Almeida et al., treated 5 patients of BS with prior infiltration of neoarticulation with the anesthetic agent [45]. 3 out of 5 got partial relief and 2 out of 5 had significant relief. The later were subjected to surgical resection of transverse mega-apophysis and got total pain relief in the long run. He theorized the principle of low back pain care in presence of bertolotti’s syndrome. General norm of a low backache with BS starts from conservative management in form of NSAIDS, physiotherapy and chiropractic manipulations. Those who do not respond to this regime are a potential candidate for diagnostic and sometimes therapeutic injection of steroid and anesthetic agents at neo-articulation site or the contralateral facet joint, although, no previous studies reported any prognostic value of this procedure. Candidates, who have had partial/significant pain relief from the injection, may be enrolled for surgical resection of the overgrown L5 transverse process. In association with significant degeneration of contralateral facet joint, a fusion procedure at L5 and S1 in form of TLIF/PLIF is a better choice.

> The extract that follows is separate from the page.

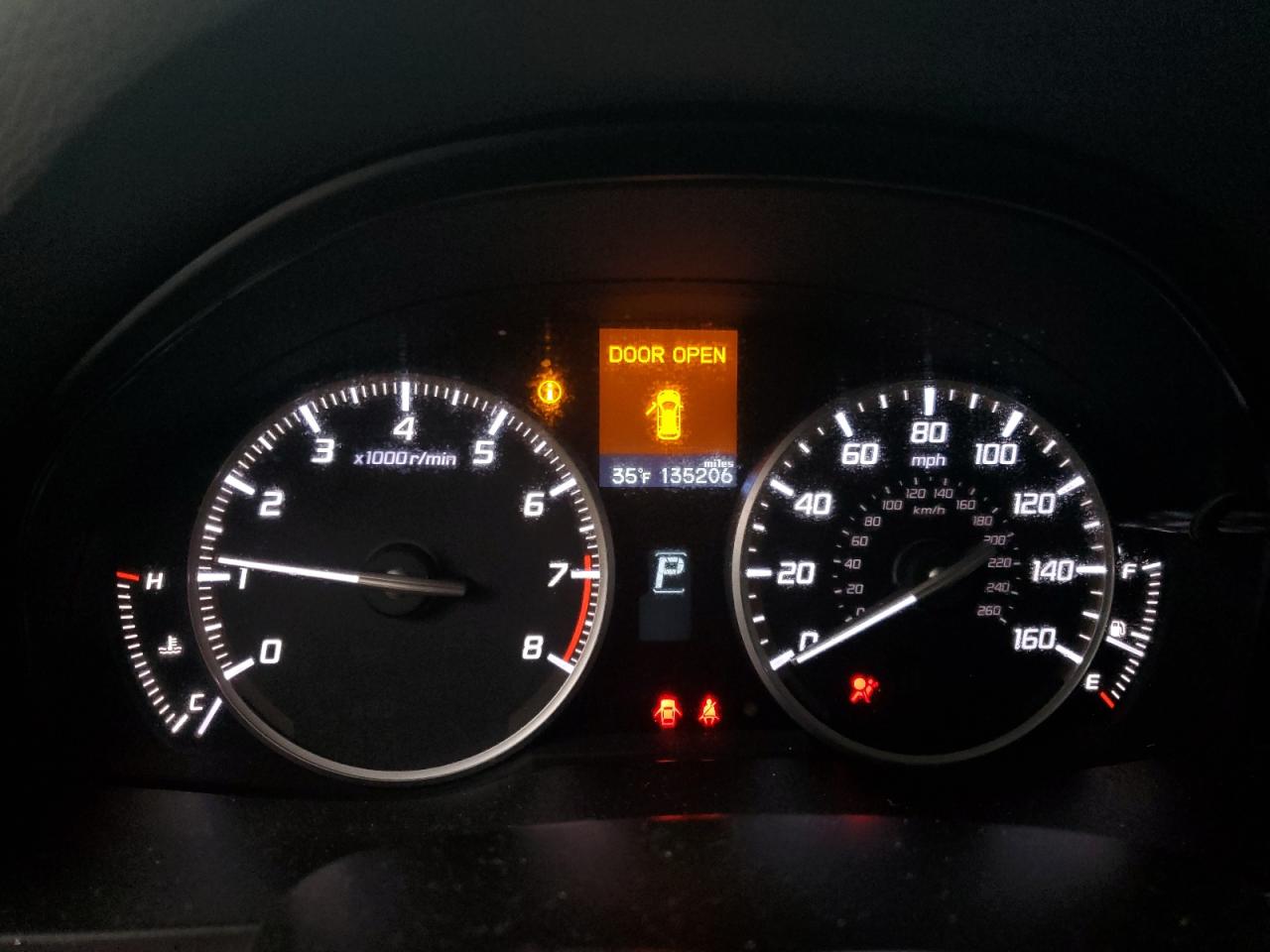 2013 Acura RDX - Image 9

Chang il ju et al., studied 256 patients of bertolotti’s syndrome and chose to give steroid injections at pseudo-articulation in 87 cases [22]. 26 cases were excluded from study analysis because of the elimination of confounding factors like the presence of other spinal diseases viz. spinal stenosis, disc herniation, and spondylolisthesis. Group A (39 cases) received local steroid and anesthetic agent injection at pseudoarticulation site and the group B (22 cases) received selective L4 nerve root block. After confirming temporary relief, all 61 patients were subjected to L5 transverse proctectomy. In group A, preoperative VAS score was 7.59 ± 0.93 and postoperative VAS score was 3.82 ± 1.59. In group B, pre-surgical average VAS score was 7.50 ± 0.86 and postsurgical VAS score was 2.05 ± 1. Average follow up duration was 10 months. In their study, effective pain relief with the injection was received only in 25% cases. They emphasized that the majority of the persistent pain could originate from another site other than pseudoarticulation site such as far out syndrome, foraminal stenosis, etc. In addition, they also pointed out that the LBA and radicular pain could also arise from L4 nerve compression because of overgrown L5 TP. They advocated additional decompression of L4 nerve root while bisecting the overgrown transverse process of L5.

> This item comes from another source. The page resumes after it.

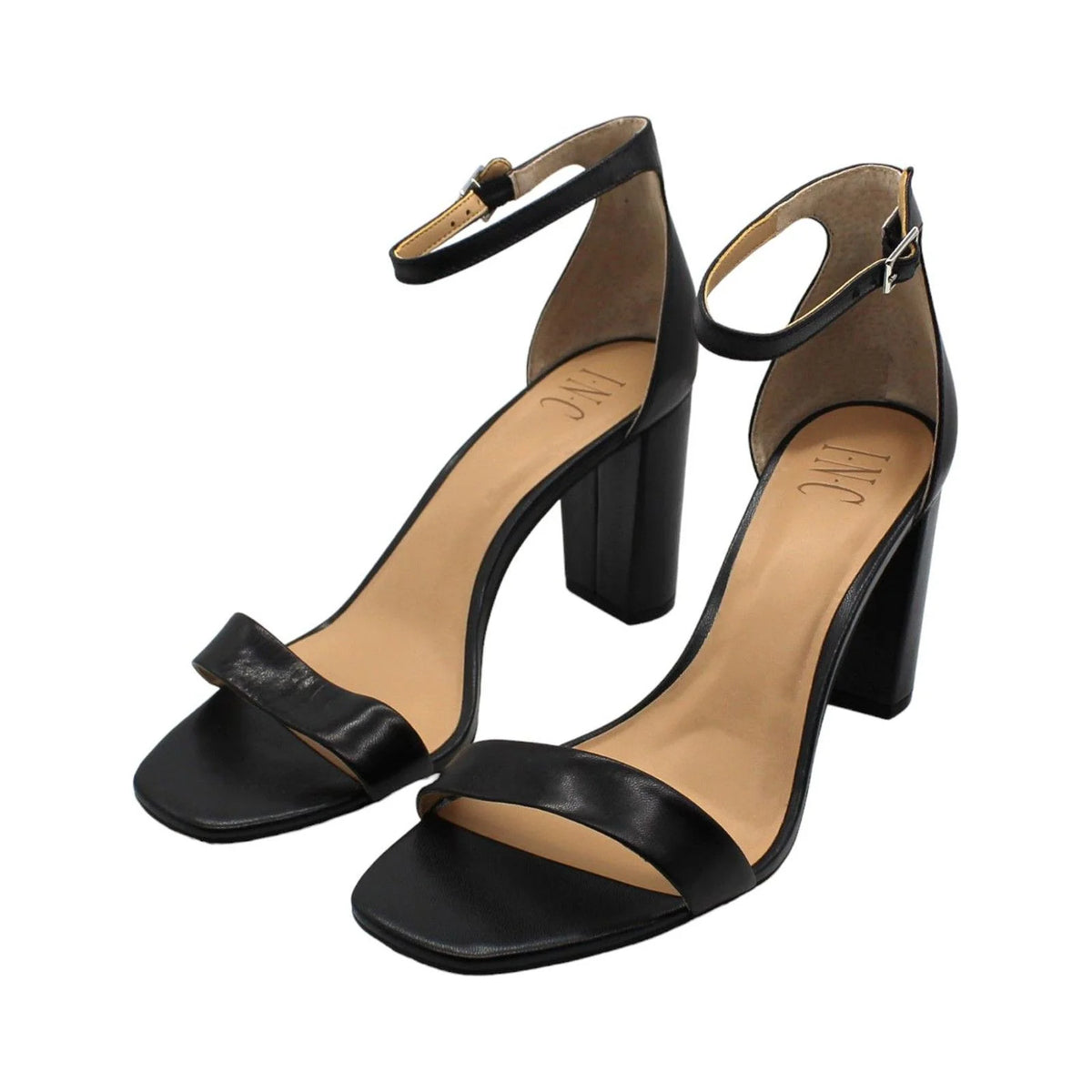 Women Two-Piece Sandals B816755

Bertolotti’s syndrome with LBA may pose a great diagnostic dilemma to a clinician. The origin of pain is multifactorial. A diagnostic search for pain points should be done using an array of investigations viz. x-ray, MRI; CT scan, SPECT and bone scan. Initial treatment starts from conservative management just as with LBA with no BS. Along with pain medications, physiotherapy should be employed. In refractory cases, diagnostic injection of steroid and anesthetic agent can be given. If the pain relief is partial and shortlived, surgical means in form of resection or posterolateral fusion may be considered. Resection fairs better only in cases where facet joints are not so degenerated, while fusion surgery appears to be a worthwhile approach if advanced facet joint degeneration, spondylolysis, and spondylolisthesis are present at transitional vertebral level. A need of individualization of treatment strategy is of paramount importance. Moreover, further studies of higher evidence with large sample size are needed to delineate a definite management strategy for this potentially ambiguous area.